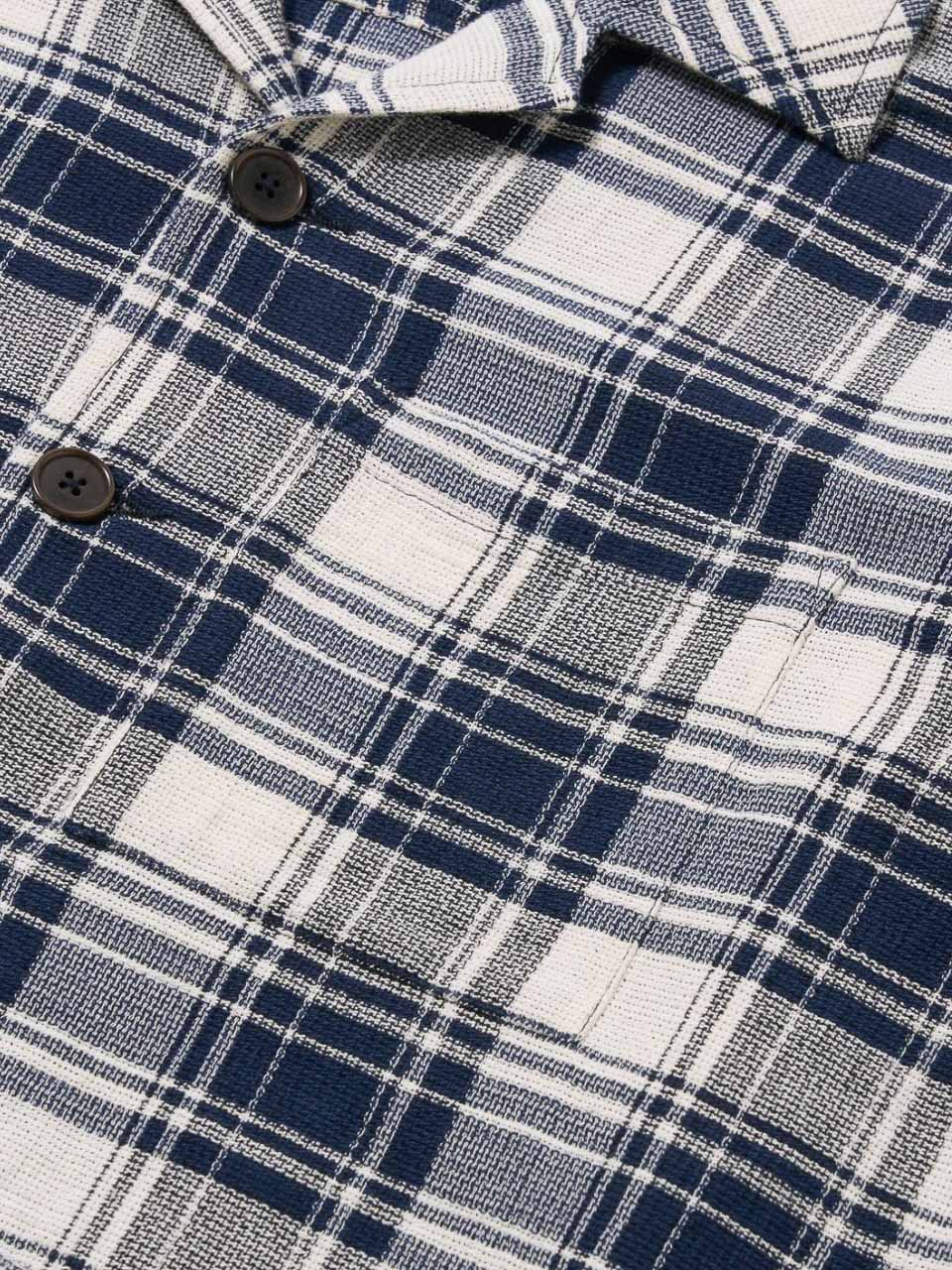 Texture Plaid Cancun Jacket Navy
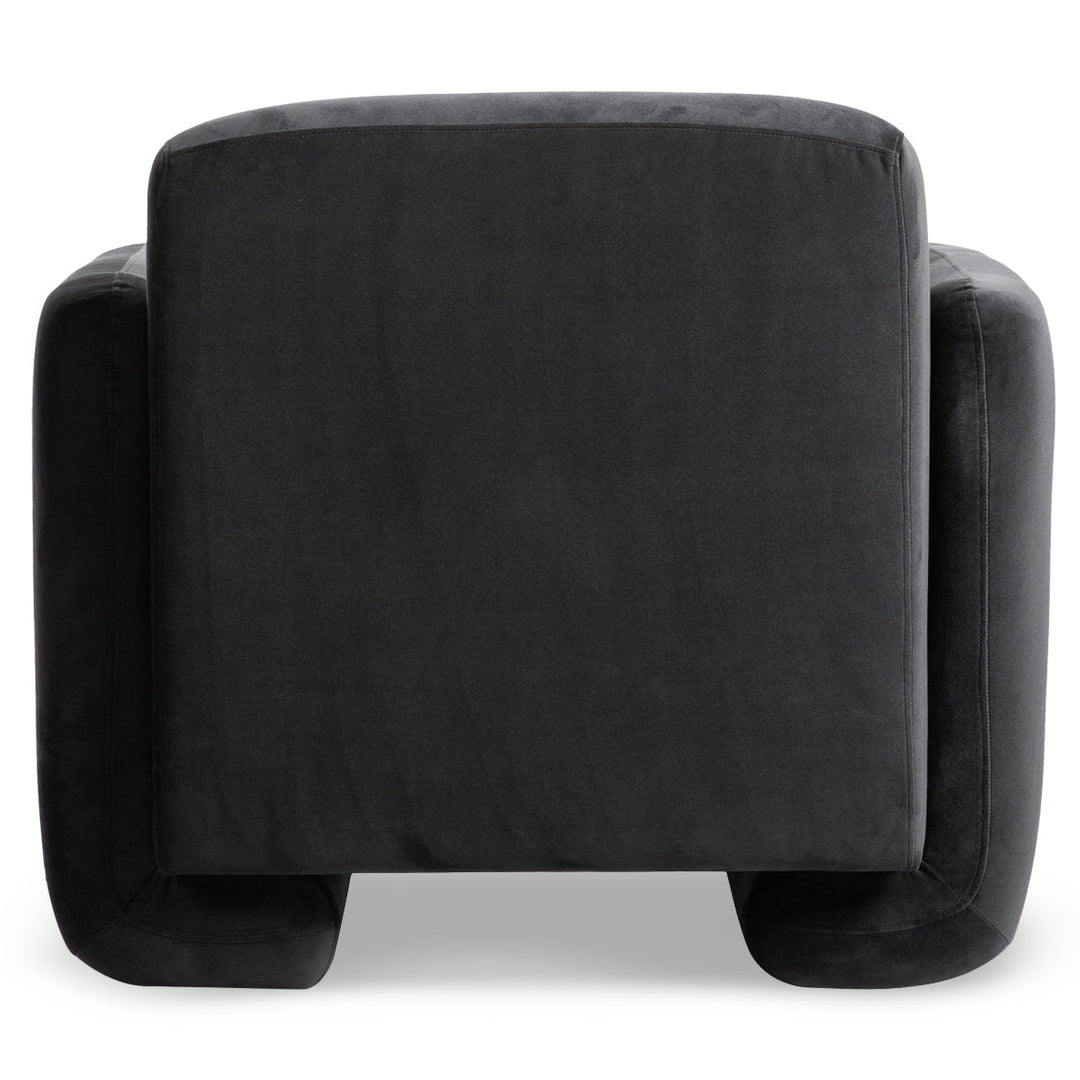 FALLON ARM CHAIR: SHADOW GREY VELVET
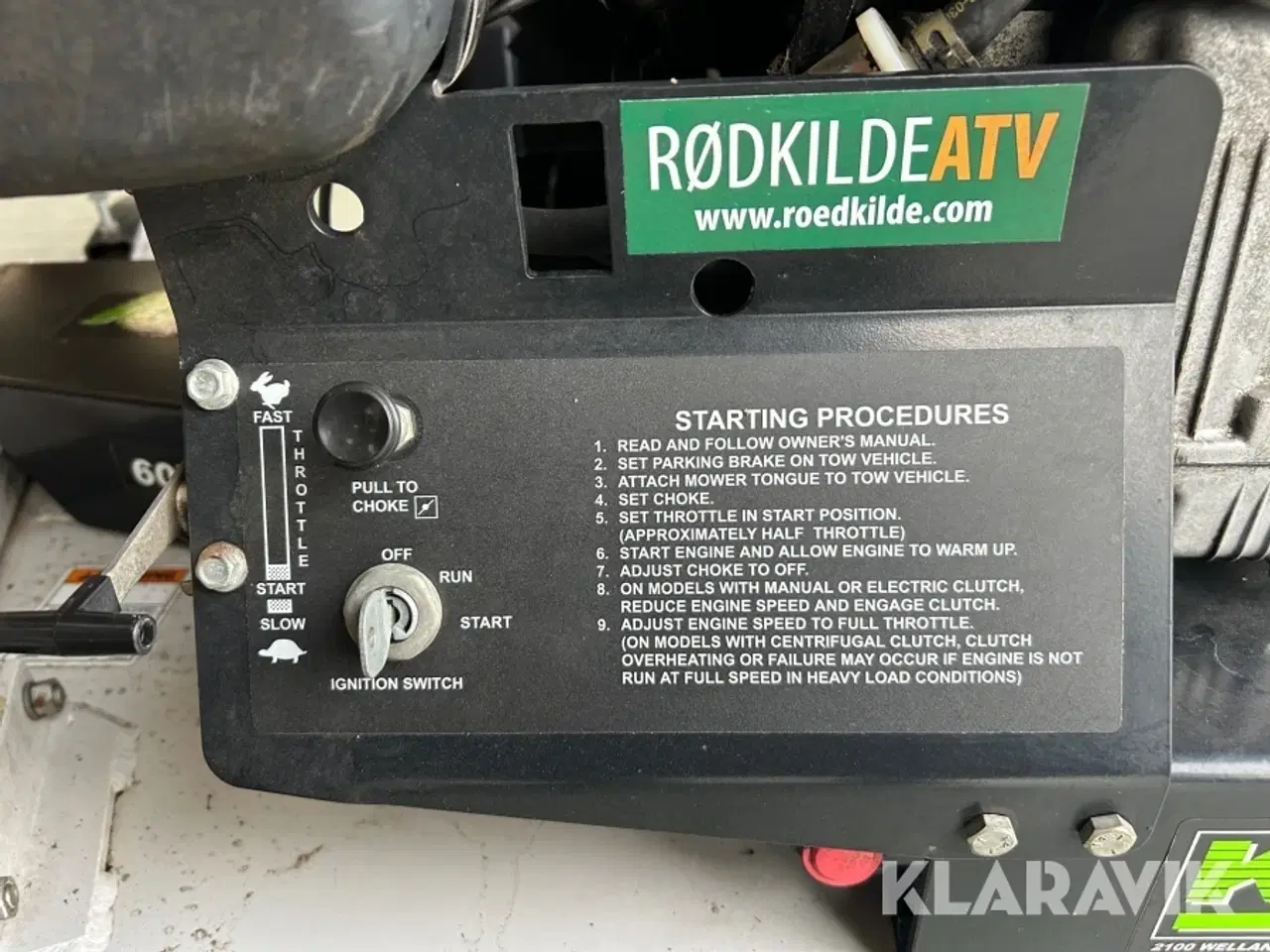 Billede 11 - Rotorklipper til ATV Kunz H60B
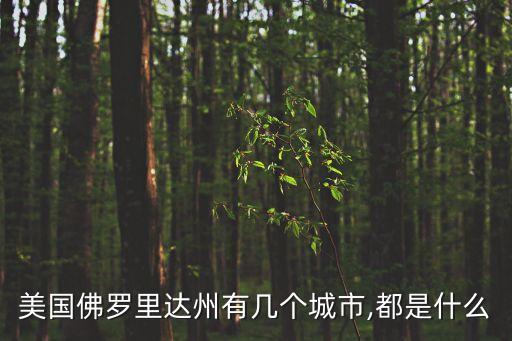 美國(guó)佛羅里達(dá)州有幾個(gè)城市,都是什么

Instructions to follow: Would you write out the data exactly, with no pictures in the copy?

Answer to the exercise:
 Texture Plaid Cancun Jacket Navy
 FALLON ARM CHAIR: SHADOW GREY VELVET
 Billede 11 - Rotorklipper til ATV Kunz H60B
 美國(guó)佛羅里達(dá)州有幾個(gè)城市,都是什么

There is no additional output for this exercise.